══ Provided data
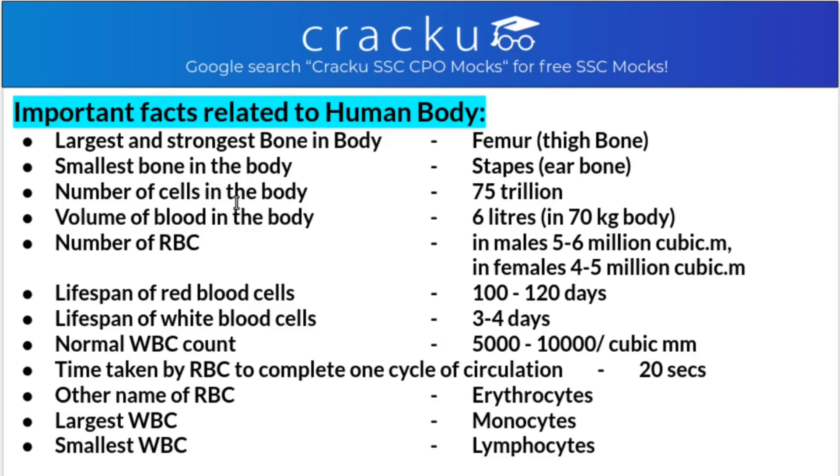The number of cells in the body is 75 trillion. The volume of blood in the body is 6 liters in a 70 kg body, though it may vary with weight. The number of red blood cells (RBC) in males is 5 to 6 million per cubic millimeter, whereas in females it is 4 to 5 million per cubic millimeter.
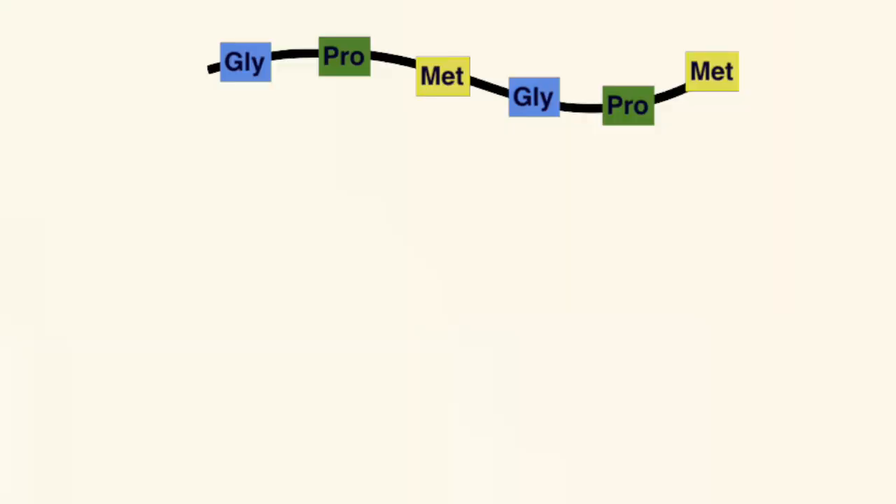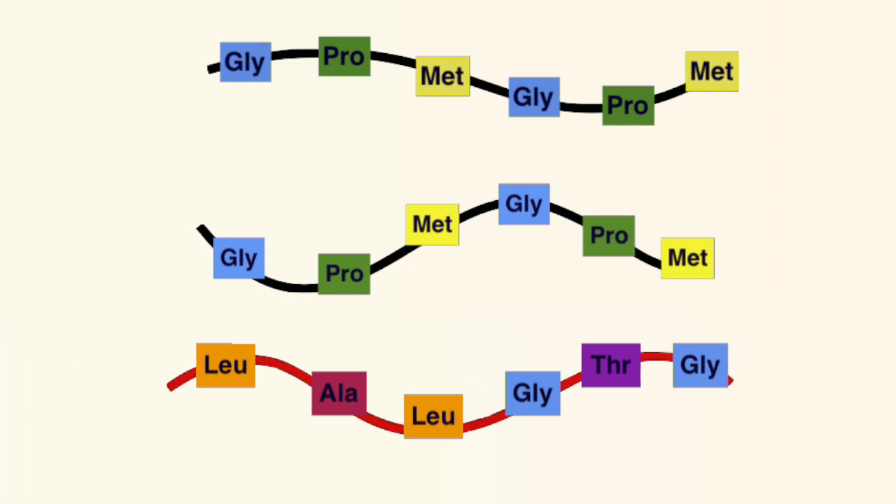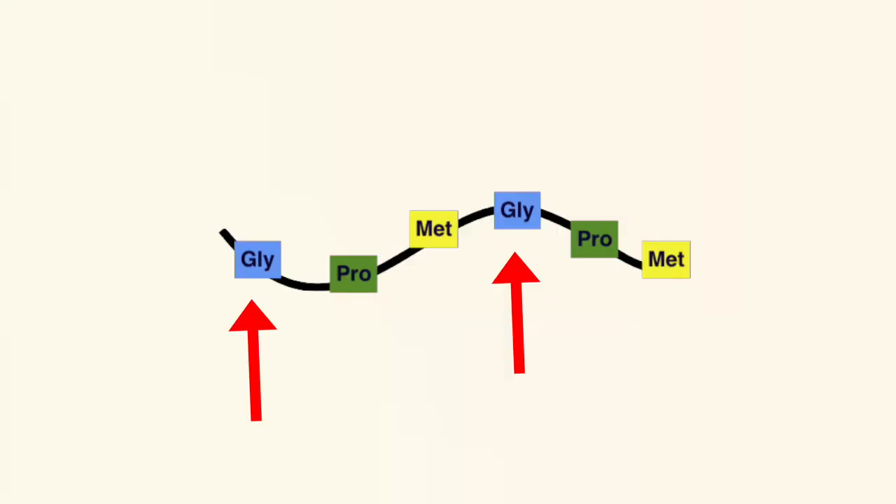In order to make a full collagen 5, you need two of these specific polypeptide chains, as well as another polypeptide chain from a different gene, COL5A2, which could also be a different mutation in classical EDS. These three strands spin together in a helix and they make the full collagen 5. Now in these peptide chains made from COL5A1, every third amino acid is a glycine — glycine is just a common, small amino acid.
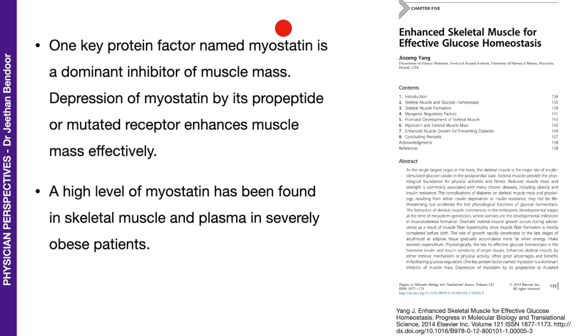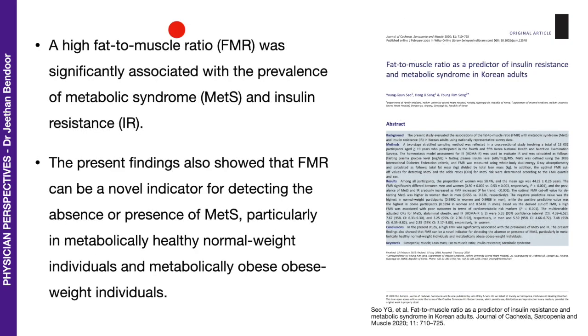Myostatin, the myokine I mentioned earlier, is a dominant inhibitor of muscle mass — high myostatin means low muscle mass; low myostatin means increased muscle mass. A high level of myostatin has been found in skeletal muscle and plasma in severely obese patients, reducing muscle mass, which in turn reduces glucose uptake postprandially and causes a metabolic challenge. A high fat-to-muscle ratio was significantly associated with the prevalence of metabolic syndrome and insulin resistance. Therefore, muscle mass is seriously very important.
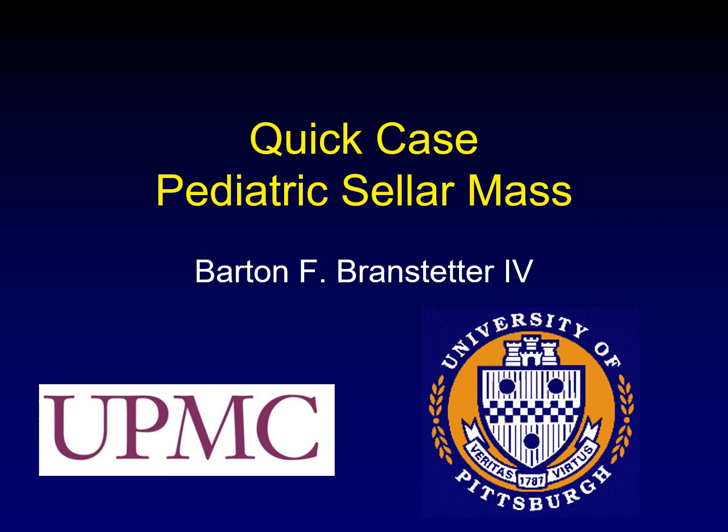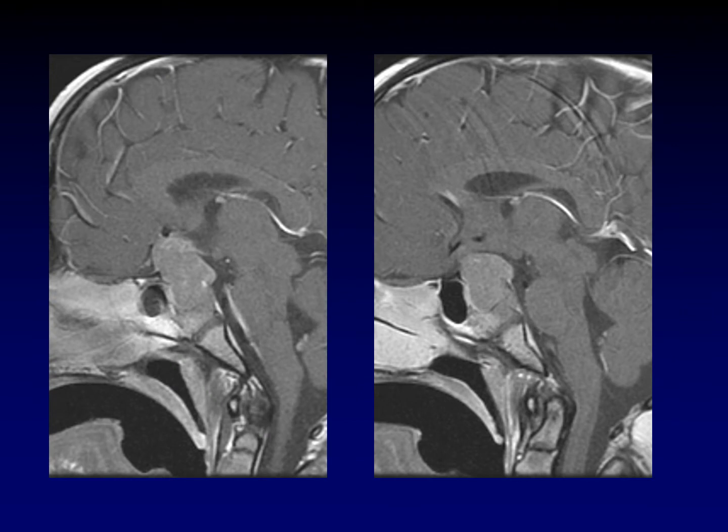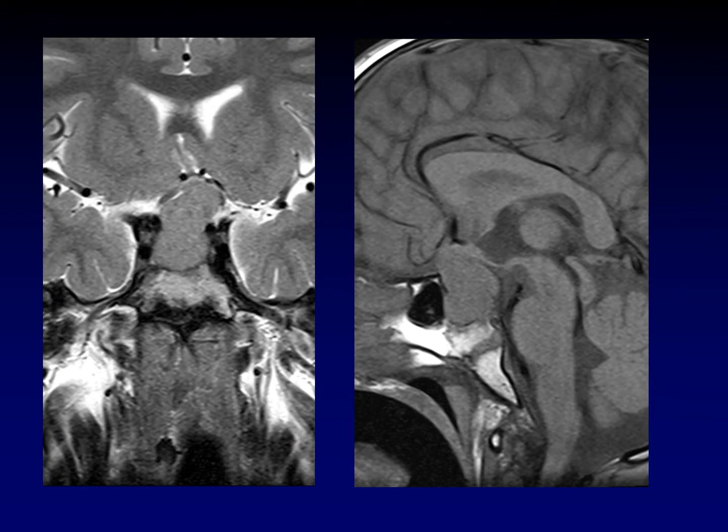Could you just take a quick look at this and tell me what you think? This is a five-year-old male with endocrine problems. What we're seeing here are two post-contrast images from a single sequence. Here we're seeing the T2 and the unenhanced sequences showing the tumor.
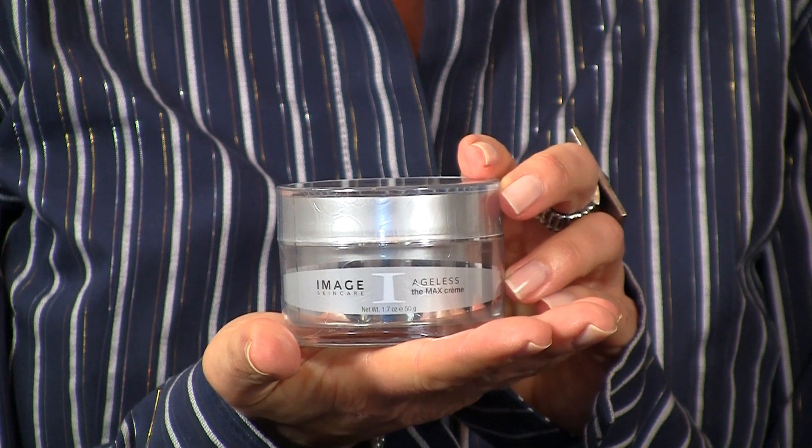What this product is going to do for you is help rebuild your cells and your collagen. This product is an absolute must for anybody 40 and over, and it's also very moisturizing through the winter. It's definitely a product you want to pick up.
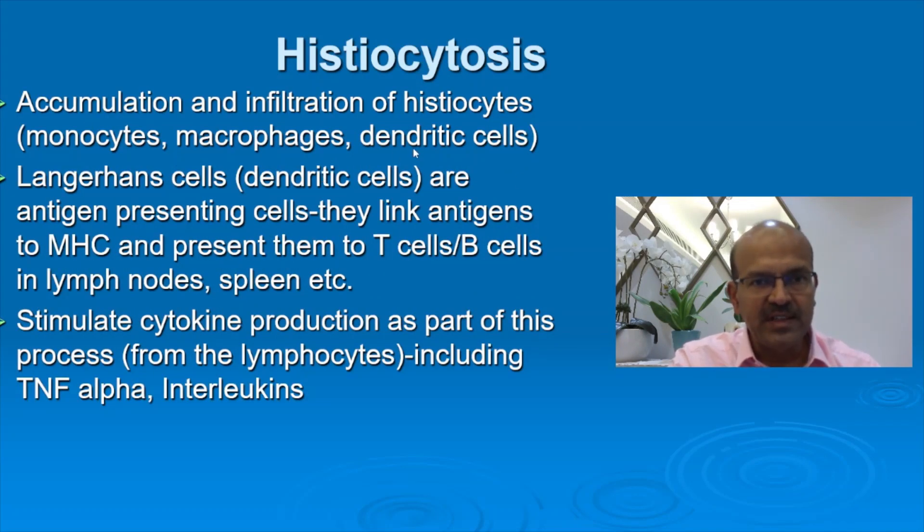Histiocytosis is accumulation and infiltration of histiocytes like monocytes, macrophages, and dendritic cells. Langerhans cells are also called dendritic cells — these are antigen-presenting cells. They are linked to the HLA system and present antigens to the major histocompatibility complex, then to T cells and B cells in the lymph nodes and spleen, which are related to immune memory and development. Antigen sensitization happens after they are presented to these cells, leading to stimulation of cytokine production from lymphocytes including TNF-alpha and interleukins.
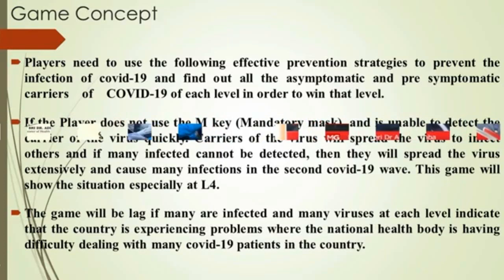Game Concept: Players need to use effective prevention strategies to prevent the infection of COVID-19 and find all asymptomatic and pre-symptomatic carriers of COVID-19 at each level in order to win. If the player does not use the M-key mandatory mask and is unable to detect the carrier of the virus quickly, carriers will spread the virus to infect others, causing many infections in the second COVID-19 wave. This game will show the situation especially at Level 4.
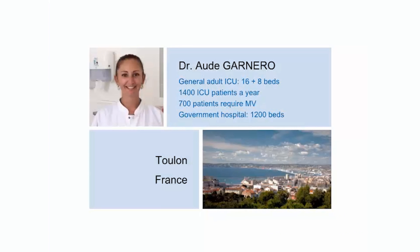My name is Ode Garnero. I am a senior intensivist with a strong interest in respiratory care and mechanical ventilation. I work in a 16-bed adult general ICU that has an additional 8 beds in a step-down unit. The ICU receives around 1,400 patients every year, and about half of them require mechanical ventilation. The ICU is part of a 1,200-bed public hospital in Toulon, a city in South France.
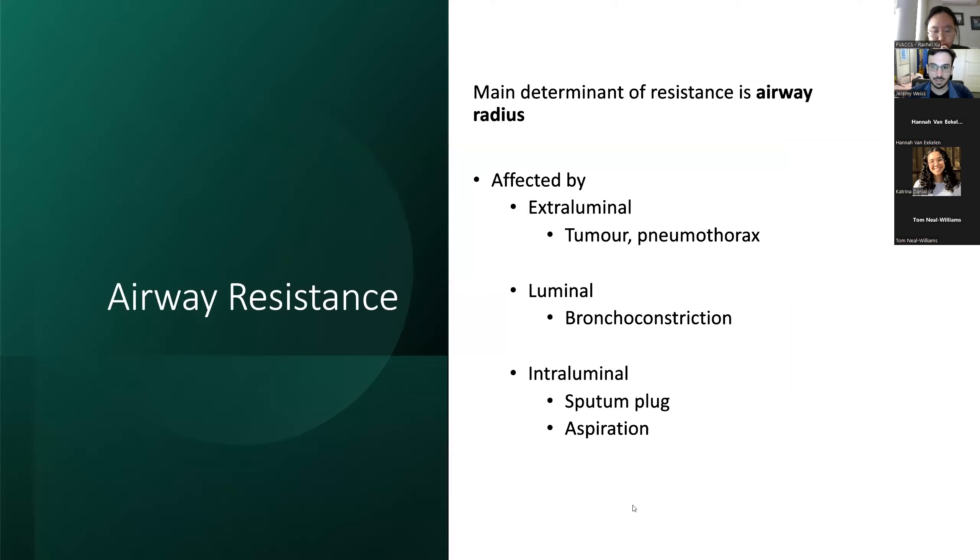The next determinant of airflow in and out is resistance. The biggest factor affecting resistance is the airway radius — as your radius gets smaller, airway resistance increases. A good way to think about it is extraluminal, luminal, and intraluminal factors. Extraluminal: things like a tumor or pneumothorax compressing the airway. Luminal: bronchoconstriction, where the airways are closing up. Intraluminal: sputum, aspiration, fluid, pus — everything inside the airway — all increases the resistance of air going in and out.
════
Brief |
Restate the entries above word for word, and keep the pictures out.

Exercise response |
The number of cells in the body is 75 trillion. The volume of blood in the body is 6 liters in a 70 kg body, though it may vary with weight. The number of red blood cells (RBC) in males is 5 to 6 million per cubic millimeter, whereas in females it is 4 to 5 million per cubic millimeter.
In order to make a full collagen 5, you need two of these specific polypeptide chains, as well as another polypeptide chain from a different gene, COL5A2, which could also be a different mutation in classical EDS. These three strands spin together in a helix and they make the full collagen 5. Now in these peptide chains made from COL5A1, every third amino acid is a glycine — glycine is just a common, small amino acid.
Myostatin, the myokine I mentioned earlier, is a dominant inhibitor of muscle mass — high myostatin means low muscle mass; low myostatin means increased muscle mass. A high level of myostatin has been found in skeletal muscle and plasma in severely obese patients, reducing muscle mass, which in turn reduces glucose uptake postprandially and causes a metabolic challenge. A high fat-to-muscle ratio was significantly associated with the prevalence of metabolic syndrome and insulin resistance. Therefore, muscle mass is seriously very important.
Could you just take a quick look at this and tell me what you think? This is a five-year-old male with endocrine problems. What we're seeing here are two post-contrast images from a single sequence. Here we're seeing the T2 and the unenhanced sequences showing the tumor.
What this product is going to do for you is help rebuild your cells and your collagen. This product is an absolute must for anybody 40 and over, and it's also very moisturizing through the winter. It's definitely a product you want to pick up.
Histiocytosis is accumulation and infiltration of histiocytes like monocytes, macrophages, and dendritic cells. Langerhans cells are also called dendritic cells — these are antigen-presenting cells. They are linked to the HLA system and present antigens to the major histocompatibility complex, then to T cells and B cells in the lymph nodes and spleen, which are related to immune memory and development. Antigen sensitization happens after they are presented to these cells, leading to stimulation of cytokine production from lymphocytes including TNF-alpha and interleukins.
Game Concept: Players need to use effective prevention strategies to prevent the infection of COVID-19 and find all asymptomatic and pre-symptomatic carriers of COVID-19 at each level in order to win. If the player does not use the M-key mandatory mask and is unable to detect the carrier of the virus quickly, carriers will spread the virus to infect others, causing many infections in the second COVID-19 wave. This game will show the situation especially at Level 4.
My name is Ode Garnero. I am a senior intensivist with a strong interest in respiratory care and mechanical ventilation. I work in a 16-bed adult general ICU that has an additional 8 beds in a step-down unit. The ICU receives around 1,400 patients every year, and about half of them require mechanical ventilation. The ICU is part of a 1,200-bed public hospital in Toulon, a city in South France.
The next determinant of airflow in and out is resistance. The biggest factor affecting resistance is the airway radius — as your radius gets smaller, airway resistance increases. A good way to think about it is extraluminal, luminal, and intraluminal factors. Extraluminal: things like a tumor or pneumothorax compressing the airway. Luminal: bronchoconstriction, where the airways are closing up. Intraluminal: sputum, aspiration, fluid, pus — everything inside the airway — all increases the resistance of air going in and out.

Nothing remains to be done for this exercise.